--- START ---

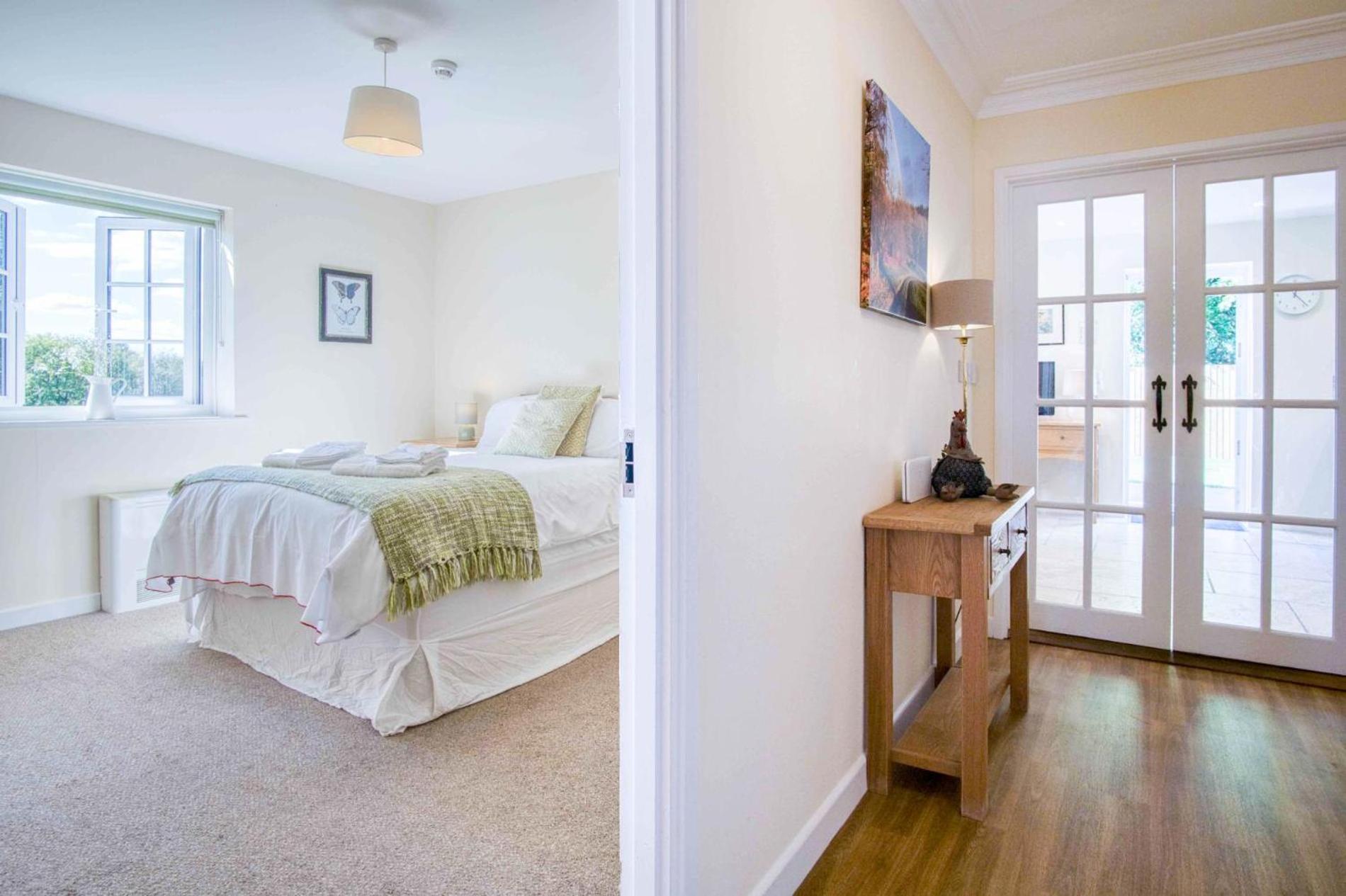 The Barn - 4 Bedroom - Tyn-Y-Coed Farm - Cardiff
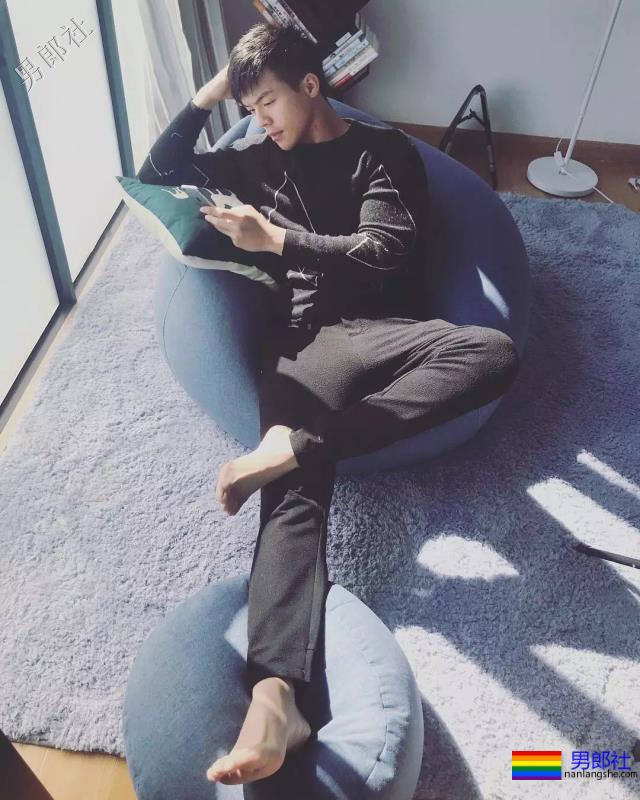 海边遇见大翘臀肌肉男，自拍性感腹肌浴巾也盖不住的人鱼线！ - 51虹马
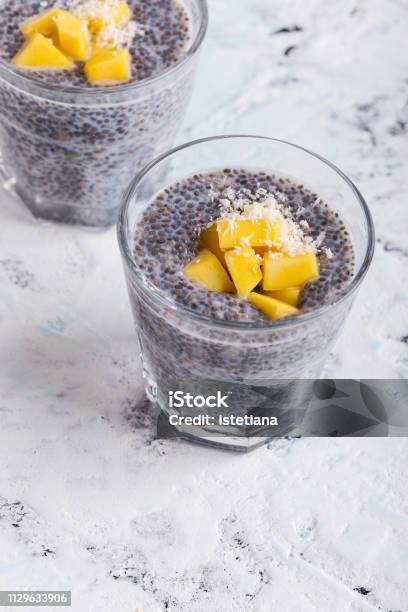 Mango Chia Pudding Mandelmilch In Gläsern Stockfoto und mehr Bilder von Abnehmen - Abnehmen, Ansicht aus erhöhter Perspektive, Antioxidationsmittel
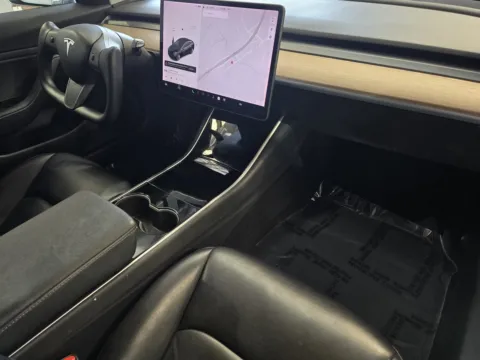 More photos of 2019 Tesla Model 3 STANDARD PLUS at Premium Autos - Norco, CA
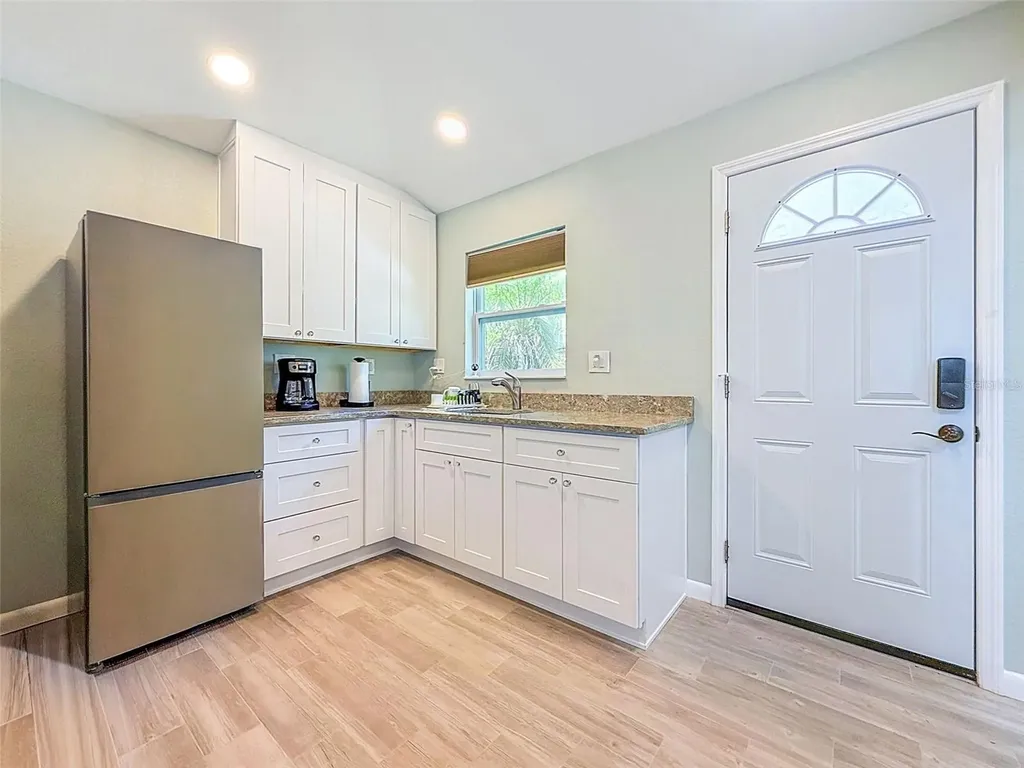 182 29th Avenue N St Petersburg FL 33704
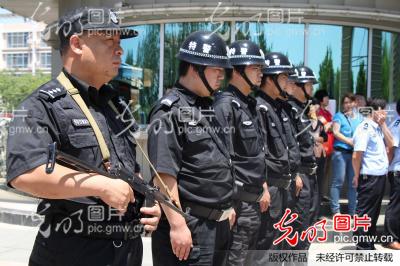 哪类警察可以持枪 20140607133849_2573.jpg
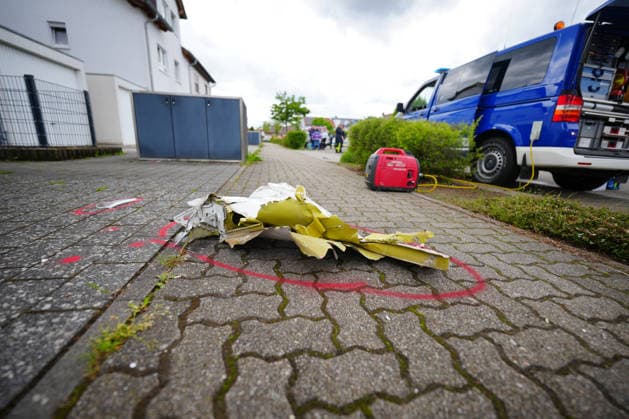 Two dead in small plane crash in residential area, debris from a small plane lying on the ground A small plane has apparently crashed on the outskirts of Limburgerhof in the Rhine-Palatinate district According to the fire depa Copyright: x xonw-imagesx xEnriquexKaczorx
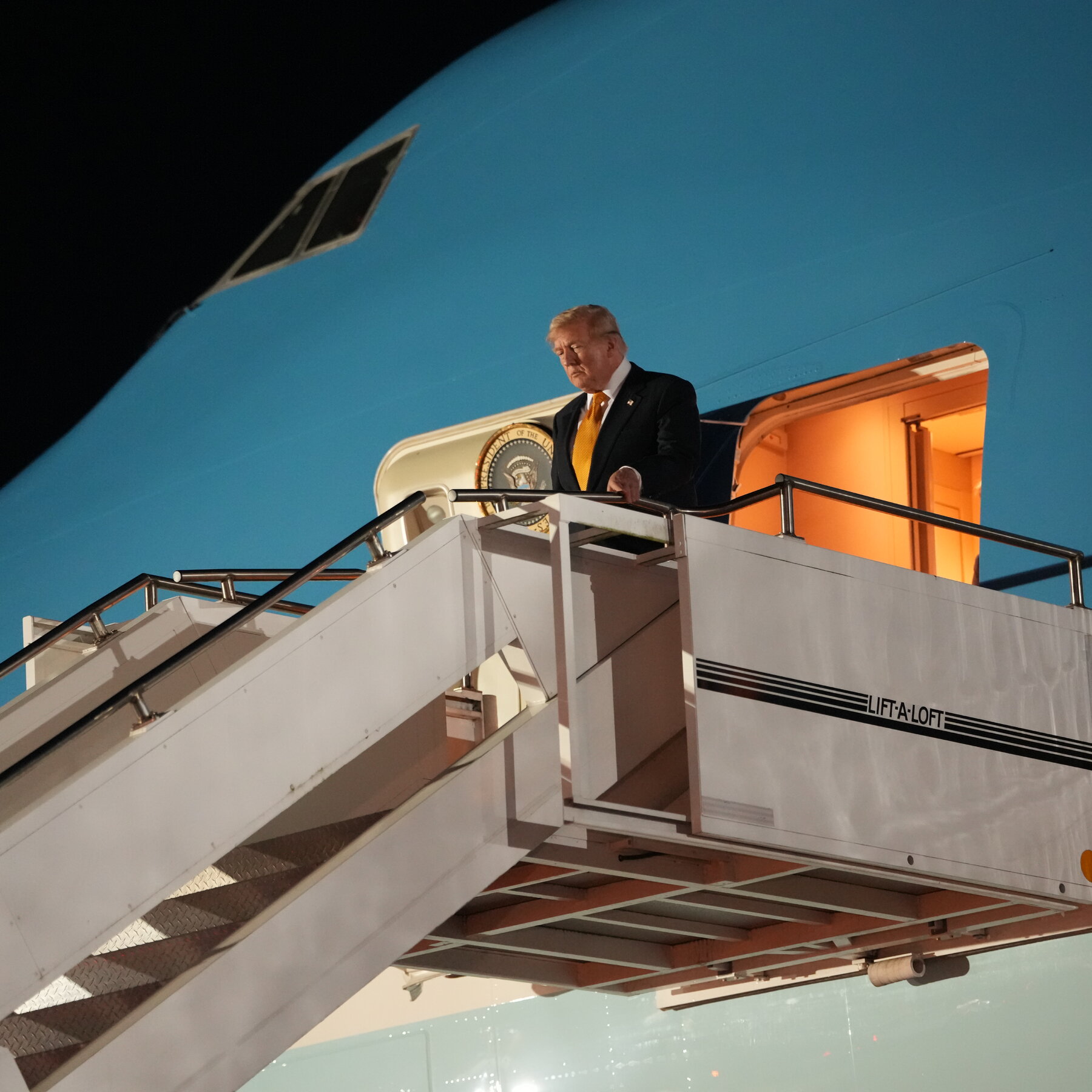Trump Switched to Old Air Force One at NATO Summit After Credible Iranian Threat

--- END ---

### Directions for this task
Copy the final stretch of lines, starting at the one that holds "182 29th Avenue N St Petersburg FL 33704" and ending at the last line of the data, exactly; omit pictures.

### Your response
 182 29th Avenue N St Petersburg FL 33704
 哪类警察可以持枪 20140607133849_2573.jpg
 Two dead in small plane crash in residential area, debris from a small plane lying on the ground A small plane has apparently crashed on the outskirts of Limburgerhof in the Rhine-Palatinate district According to the fire depa Copyright: x xonw-imagesx xEnriquexKaczorx
Trump Switched to Old Air Force One at NATO Summit After Credible Iranian Threat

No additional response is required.